=== What the task asks ===
Would you please repeat, word for word, only the lines from the one holding "So NCLEX board" through the one holding "Hi everyone, welcome" in the material below, without the pictures?

=== Data extracts ===
>>>>>
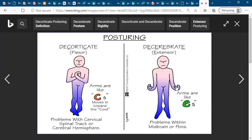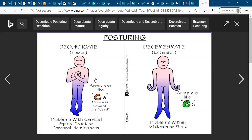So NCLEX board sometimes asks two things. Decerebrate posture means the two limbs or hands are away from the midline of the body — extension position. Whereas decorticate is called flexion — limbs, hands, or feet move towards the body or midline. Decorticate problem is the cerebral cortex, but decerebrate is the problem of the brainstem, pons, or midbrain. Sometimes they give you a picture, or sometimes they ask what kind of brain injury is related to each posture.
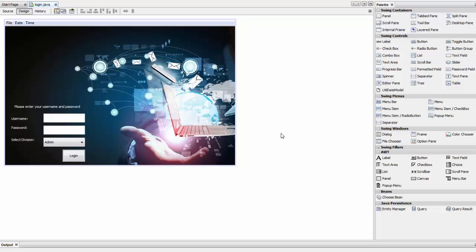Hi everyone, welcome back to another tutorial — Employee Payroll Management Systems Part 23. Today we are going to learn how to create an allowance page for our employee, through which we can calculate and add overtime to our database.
<<<<<
>>>>>
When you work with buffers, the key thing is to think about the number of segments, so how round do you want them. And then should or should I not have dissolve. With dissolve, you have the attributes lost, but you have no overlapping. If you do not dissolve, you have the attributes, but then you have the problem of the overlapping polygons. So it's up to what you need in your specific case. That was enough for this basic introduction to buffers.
<<<<<
>>>>>
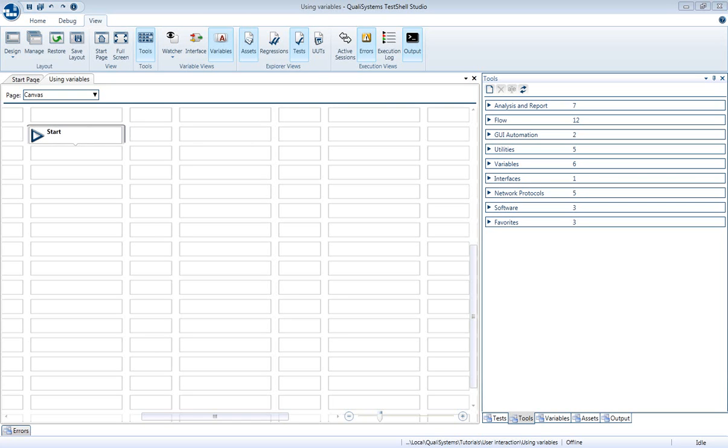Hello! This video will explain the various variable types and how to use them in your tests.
<<<<<
=== Solution to this exercise ===
So NCLEX board sometimes asks two things. Decerebrate posture means the two limbs or hands are away from the midline of the body — extension position. Whereas decorticate is called flexion — limbs, hands, or feet move towards the body or midline. Decorticate problem is the cerebral cortex, but decerebrate is the problem of the brainstem, pons, or midbrain. Sometimes they give you a picture, or sometimes they ask what kind of brain injury is related to each posture.
Hi everyone, welcome back to another tutorial — Employee Payroll Management Systems Part 23. Today we are going to learn how to create an allowance page for our employee, through which we can calculate and add overtime to our database.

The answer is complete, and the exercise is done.